■ Task requirements:
The task for the listing below is to write out exactly the lines starting at the one containing "Waitkey 16 Pack" and ending at the one containing "outline tribune icon", both included. Pictures are to be omitted.

■ Dataset section:
"""
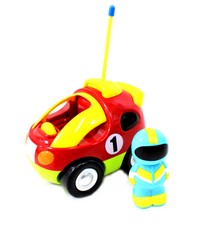 4" Cartoon R/C Race Car Remote Control Toy for Toddlers Red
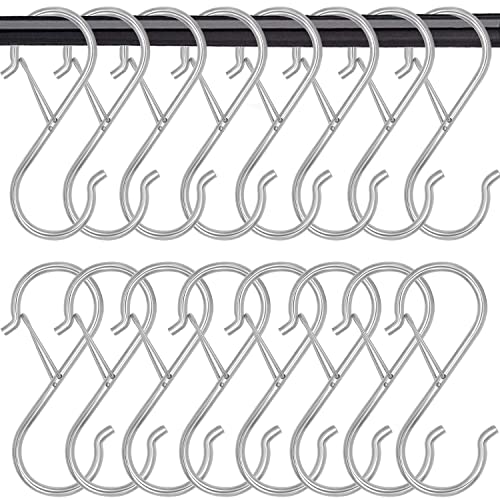 Waitkey 16 Pack S Hooks for Hanging, 3.5 inch Heavy Duty Metal S Hooks with Safety Buckle S Shaped Hooks Pot Rack Closet Hooks for Hanging Plants, Clothes, Kitchen Utensil, Pots, Pans, Bags (Silver) - color: Silver, size: 16 Pack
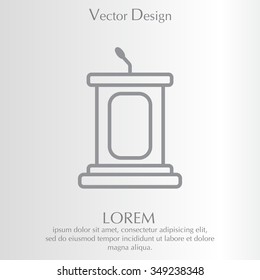 outline tribune icon isolated. concept of voting, announcement, leadership, interview, journalism, politics, president, narrator. flat style modern design vector illustration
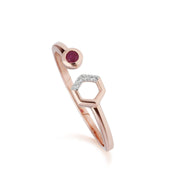 Anello aperto esagonale contemporaneo in oro rosa 375, rubino e diamante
"""
■ Solution for this task:
 Waitkey 16 Pack S Hooks for Hanging, 3.5 inch Heavy Duty Metal S Hooks with Safety Buckle S Shaped Hooks Pot Rack Closet Hooks for Hanging Plants, Clothes, Kitchen Utensil, Pots, Pans, Bags (Silver) - color: Silver, size: 16 Pack
 outline tribune icon isolated. concept of voting, announcement, leadership, interview, journalism, politics, president, narrator. flat style modern design vector illustration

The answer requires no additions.